Here we provide a full description of the development of a database of the interactions of species with (i) other species and (ii) locations. A large subset of the database is interactions where one species causes disease in another, i.e., pathogen-host relationships. However, a number of other interactions are also included such as commensal/mutualistic and vector-host. The database has been populated using automated procedures from freely-available, web-based sources. The database stores information on species (including hosts and pathogens) and where they have been found in the world (at national and sub-national [i.e., state or regional] level). Sources of supporting evidence are linked to each entry. Importantly, the database can be regularly updated and is free to access.
We finish by describing the validation of three subsets of the database (namely, species that are recorded interacting with humans, domestic animals, and wild mammals) with lists of pathogens of these hosts produced by other workers.

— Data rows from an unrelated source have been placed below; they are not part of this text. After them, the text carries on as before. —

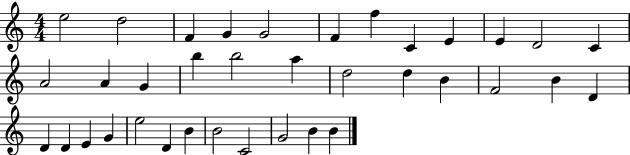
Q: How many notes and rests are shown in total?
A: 36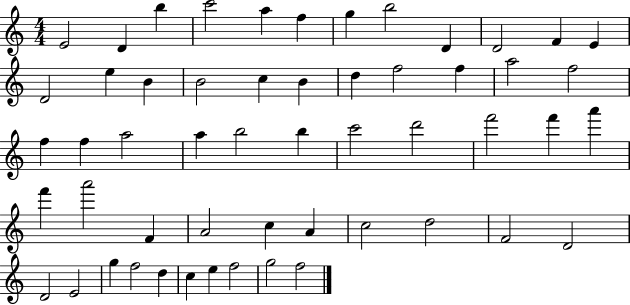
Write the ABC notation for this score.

X:1
T:Untitled
M:4/4
L:1/4
K:C
E2 D b c'2 a f g b2 D D2 F E D2 e B B2 c B d f2 f a2 f2 f f a2 a b2 b c'2 d'2 f'2 f' a' f' a'2 F A2 c A c2 d2 F2 D2 D2 E2 g f2 d c e f2 g2 f2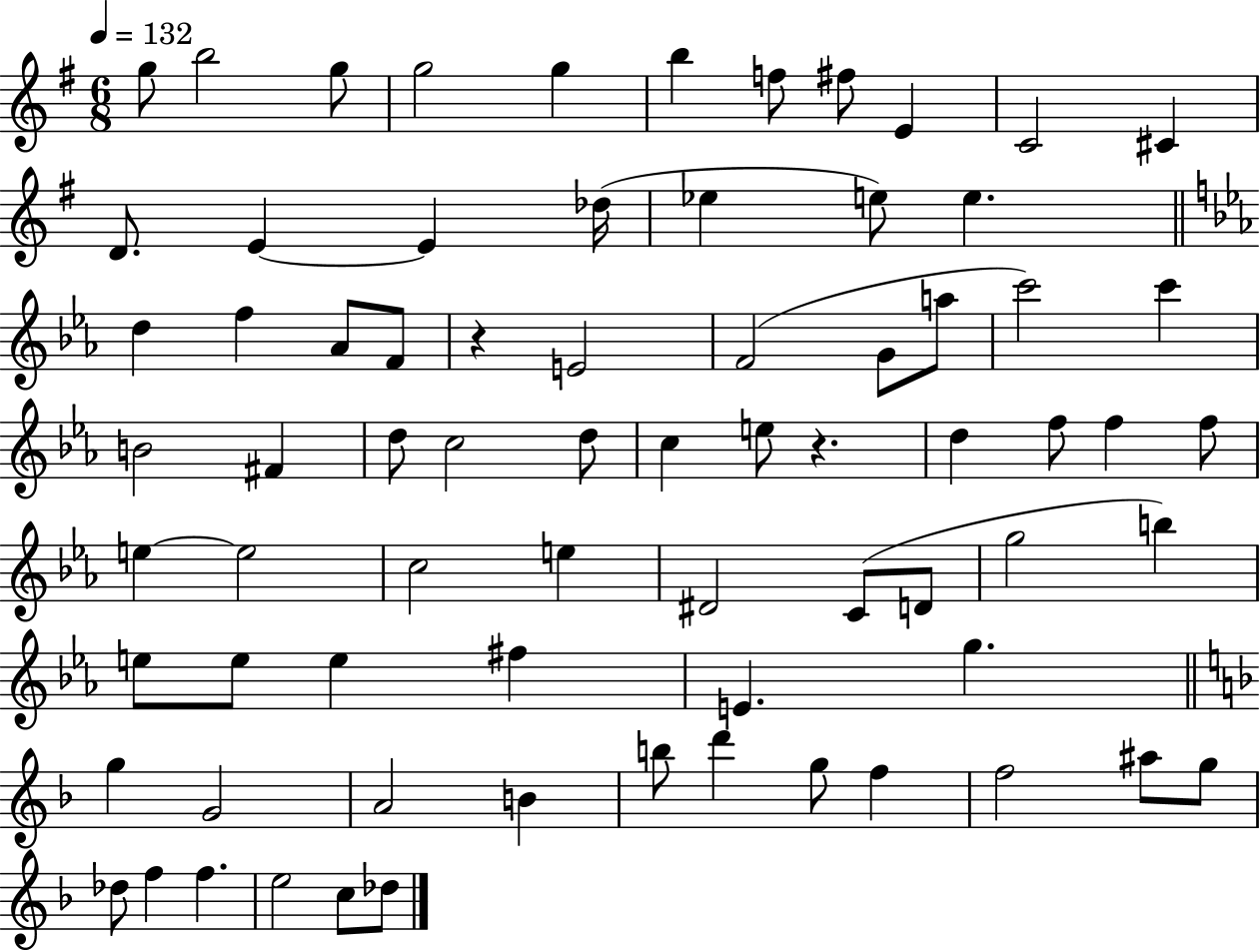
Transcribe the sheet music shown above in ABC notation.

X:1
T:Untitled
M:6/8
L:1/4
K:G
g/2 b2 g/2 g2 g b f/2 ^f/2 E C2 ^C D/2 E E _d/4 _e e/2 e d f _A/2 F/2 z E2 F2 G/2 a/2 c'2 c' B2 ^F d/2 c2 d/2 c e/2 z d f/2 f f/2 e e2 c2 e ^D2 C/2 D/2 g2 b e/2 e/2 e ^f E g g G2 A2 B b/2 d' g/2 f f2 ^a/2 g/2 _d/2 f f e2 c/2 _d/2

Open access, freely available web-based sources, such as the NCBI Taxonomy database (http://www.ncbi.nlm.nih.gov/taxonomy), NCBI Nucleotide database (http://www.ncbi.nlm.nih.gov/nuccore), PubMed citation and index (http://www.ncbi.nlm.nih.gov/pubmed) provide a source of valuable information that may not have been their primary focus. For instance, the descriptive metadata uploaded with genetic sequence submissions can be mined for the purposes of identifying interactions among species, including host-pathogen interactions, or the geographical distribution of the sequenced organism. Below we describe the processes by which raw data were obtained from these sources, and the methods by which interactions between organisms, or organisms and their geographical locations were extracted from these data. Figure 1 illustrates the overall process.
Organisms, rankings and taxonomic hierarchy
856,031 organism scientific names, their unique identifiers (TaxID), taxonomic ranks and classifications were obtained from the NCBI Taxonomy database (http://www.ncbi.nlm.nih.gov/Taxonomy/). This dataset was manually supplemented with an additional 2,171 organisms of interest that were not found in the NCBI Taxonomy database.

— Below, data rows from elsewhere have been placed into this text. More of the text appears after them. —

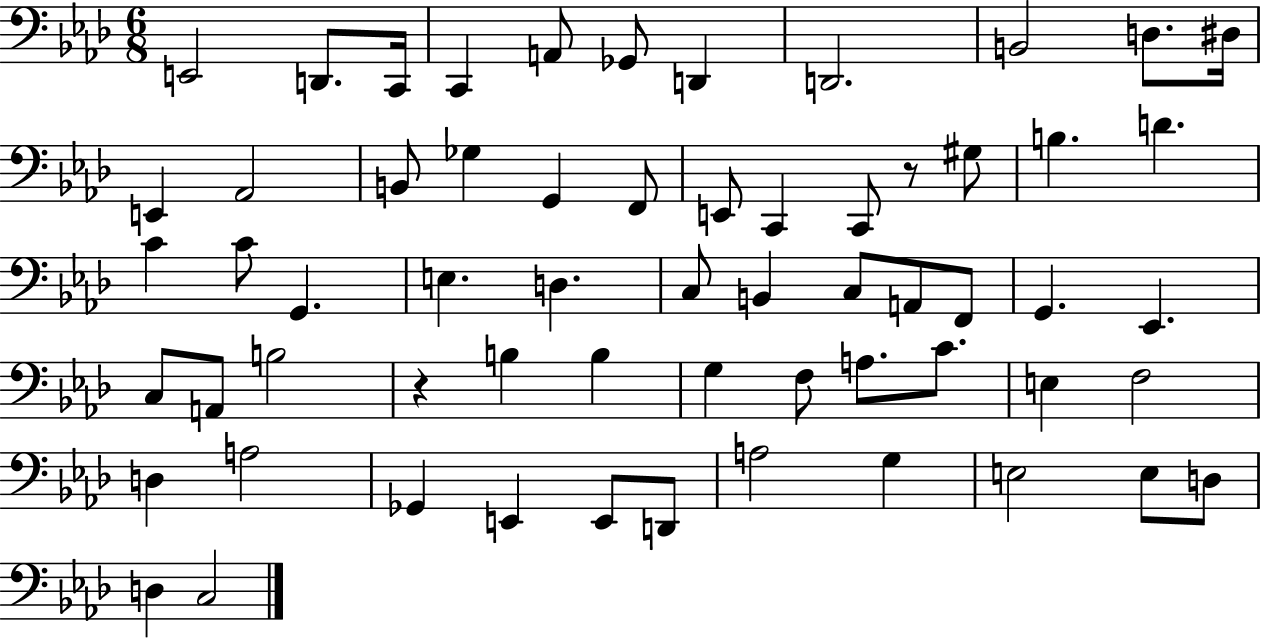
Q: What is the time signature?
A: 6/8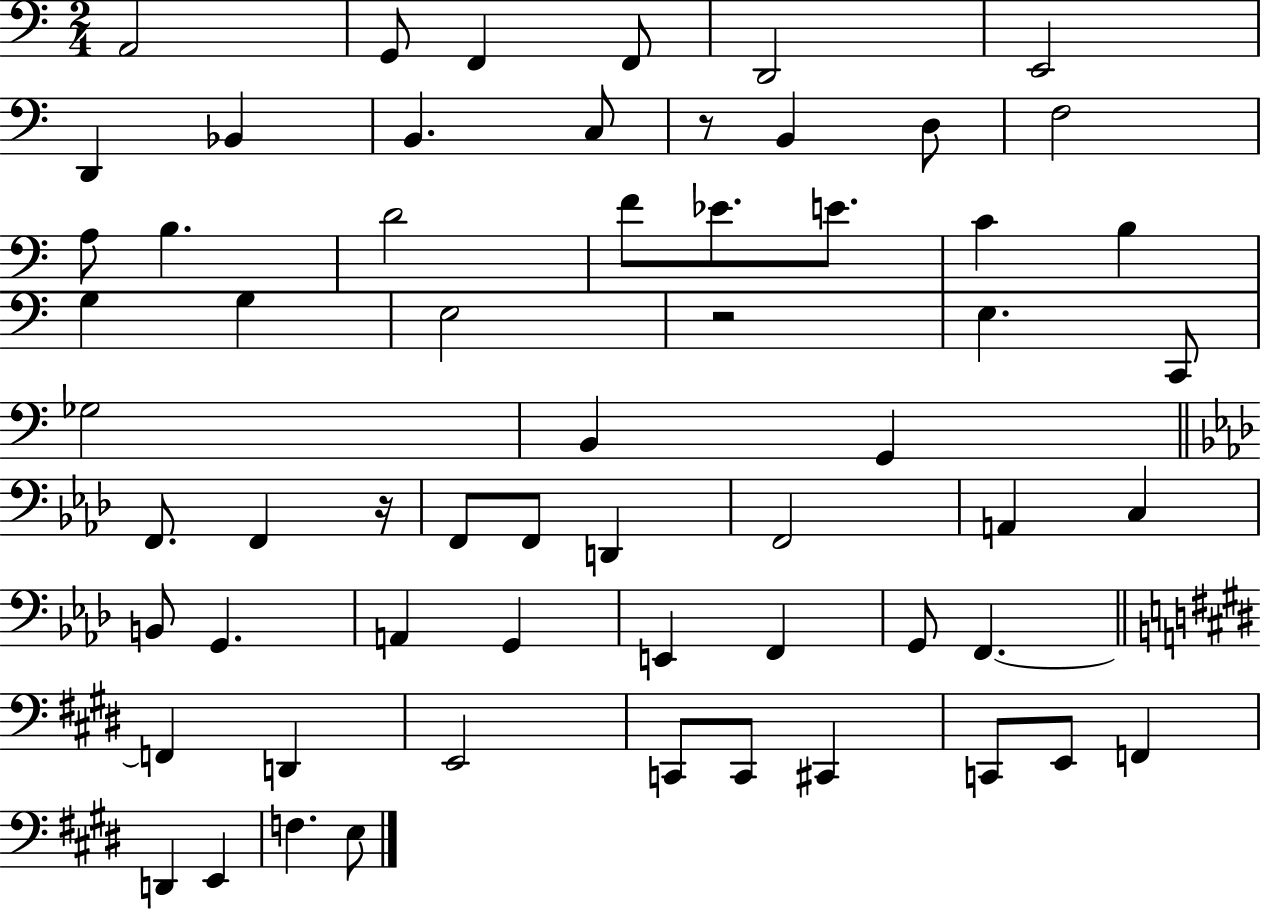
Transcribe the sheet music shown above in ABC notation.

X:1
T:Untitled
M:2/4
L:1/4
K:C
A,,2 G,,/2 F,, F,,/2 D,,2 E,,2 D,, _B,, B,, C,/2 z/2 B,, D,/2 F,2 A,/2 B, D2 F/2 _E/2 E/2 C B, G, G, E,2 z2 E, C,,/2 _G,2 B,, G,, F,,/2 F,, z/4 F,,/2 F,,/2 D,, F,,2 A,, C, B,,/2 G,, A,, G,, E,, F,, G,,/2 F,, F,, D,, E,,2 C,,/2 C,,/2 ^C,, C,,/2 E,,/2 F,, D,, E,, F, E,/2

The NCBI definition for ‘species’, ‘subspecies’ and ‘no rank’ (excluding viruses and viroids), was subsequently altered according to the following rules:
Where organism name contained numbers=>No rank.
Where organism name contained any of the following words (unclassified, uncultured, var)=>No rank.

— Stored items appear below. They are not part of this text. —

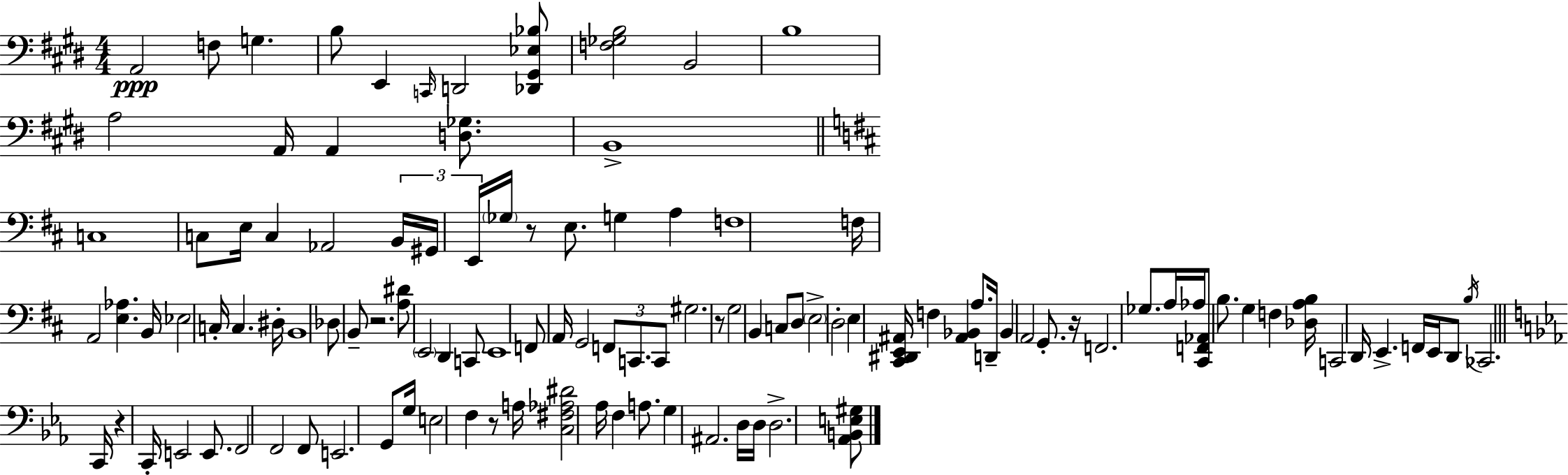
A2/h F3/e G3/q. B3/e E2/q C2/s D2/h [Db2,G#2,Eb3,Bb3]/e [F3,Gb3,B3]/h B2/h B3/w A3/h A2/s A2/q [D3,Gb3]/e. B2/w C3/w C3/e E3/s C3/q Ab2/h B2/s G#2/s E2/s Gb3/s R/e E3/e. G3/q A3/q F3/w F3/s A2/h [E3,Ab3]/q. B2/s Eb3/h C3/s C3/q. D#3/s B2/w Db3/e B2/e R/h. [A3,D#4]/e E2/h D2/q C2/e E2/w F2/e A2/s G2/h F2/e C2/e. C2/e G#3/h. R/e G3/h B2/q C3/e D3/e E3/h D3/h E3/q [C#2,D#2,E2,A#2]/s F3/q [A#2,Bb2]/q A3/e. D2/s Bb2/q A2/h G2/e. R/s F2/h. Gb3/e. A3/s Ab3/s [C#2,F2,Ab2]/e B3/e. G3/q F3/q [Db3,A3,B3]/s C2/h D2/s E2/q. F2/s E2/s D2/e B3/s CES2/h. C2/s R/q C2/s E2/h E2/e. F2/h F2/h F2/e E2/h. G2/e G3/s E3/h F3/q R/e A3/s [C3,F#3,Ab3,D#4]/h Ab3/s F3/q A3/e. G3/q A#2/h. D3/s D3/s D3/h. [Ab2,B2,E3,G#3]/e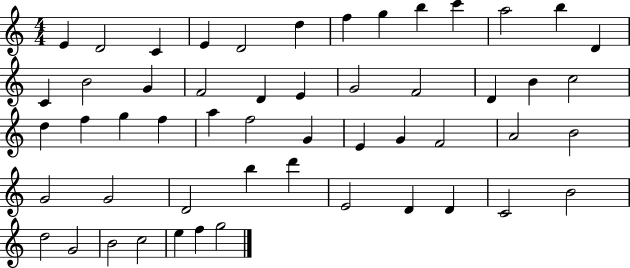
X:1
T:Untitled
M:4/4
L:1/4
K:C
E D2 C E D2 d f g b c' a2 b D C B2 G F2 D E G2 F2 D B c2 d f g f a f2 G E G F2 A2 B2 G2 G2 D2 b d' E2 D D C2 B2 d2 G2 B2 c2 e f g2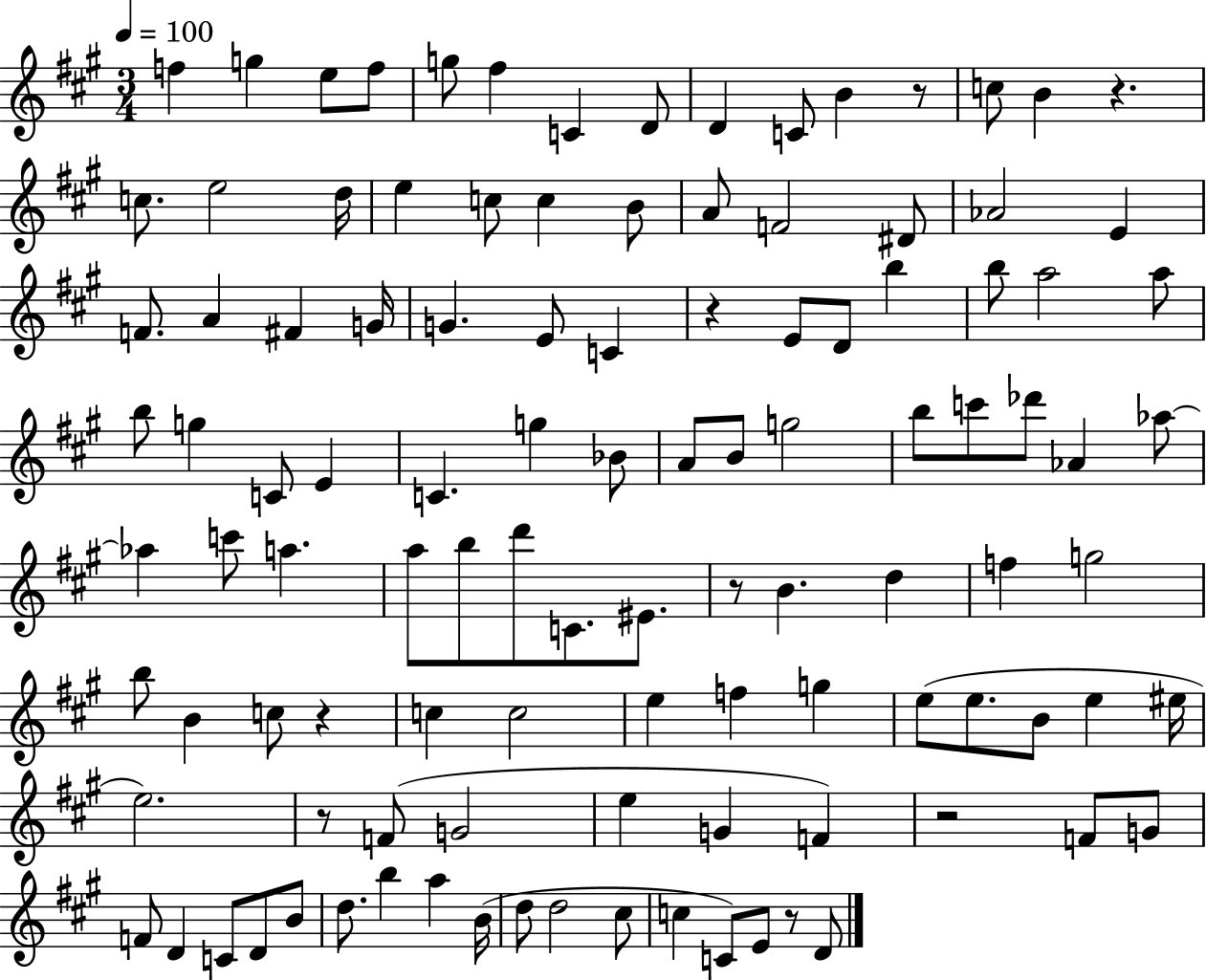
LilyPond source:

{
  \clef treble
  \numericTimeSignature
  \time 3/4
  \key a \major
  \tempo 4 = 100
  f''4 g''4 e''8 f''8 | g''8 fis''4 c'4 d'8 | d'4 c'8 b'4 r8 | c''8 b'4 r4. | \break c''8. e''2 d''16 | e''4 c''8 c''4 b'8 | a'8 f'2 dis'8 | aes'2 e'4 | \break f'8. a'4 fis'4 g'16 | g'4. e'8 c'4 | r4 e'8 d'8 b''4 | b''8 a''2 a''8 | \break b''8 g''4 c'8 e'4 | c'4. g''4 bes'8 | a'8 b'8 g''2 | b''8 c'''8 des'''8 aes'4 aes''8~~ | \break aes''4 c'''8 a''4. | a''8 b''8 d'''8 c'8. eis'8. | r8 b'4. d''4 | f''4 g''2 | \break b''8 b'4 c''8 r4 | c''4 c''2 | e''4 f''4 g''4 | e''8( e''8. b'8 e''4 eis''16 | \break e''2.) | r8 f'8( g'2 | e''4 g'4 f'4) | r2 f'8 g'8 | \break f'8 d'4 c'8 d'8 b'8 | d''8. b''4 a''4 b'16( | d''8 d''2 cis''8 | c''4 c'8) e'8 r8 d'8 | \break \bar "|."
}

Where word count=2=>Species.
Where word count ≥3=>Subspecies.
The application of the above rules resulted in the following changes: Species count decreased from 579,175 to 224,751. Subspecies count increased from 12,289 to 14,821. No rank count increased from 80,692 to 432,584. The remaining organisms were classified at or above genus level and were therefore excluded from the datasets described in this paper.
Taxonomic lineage relationships of the form Organism A is a parent of Organism B were also obtained from NCBI to replicate the hierarchical phylogenetic structure for the species, subspecies and no ranks listed above so that outputs can be obtained for species and higher taxonomic groups (for instance ‘flaviviruses’, ‘ruminants’). The 2,171 additional organisms were forced into the resulting tree, assigned to the most suitable parent nodes; where the correct parent was not found already in the tree, new nodes were added.
Some organisms were then linked to a collection of alternative names (e.g., common names, common misspelling, breeds and acronyms) that were collected from a variety of sources including textbooks. Additional care was given to humans and their domestic animals. Here, we focussed on 46 species of common domestic animals in Europe9. Where needed, the organisms were linked to sets of inclusion (AND) and exclusion (NOT) terms. These sets (alternative names, inclusion and exclusion terms) were utilised in disambiguating organism names and in retrieving publication metadata from PubMed as described in subsequent sections.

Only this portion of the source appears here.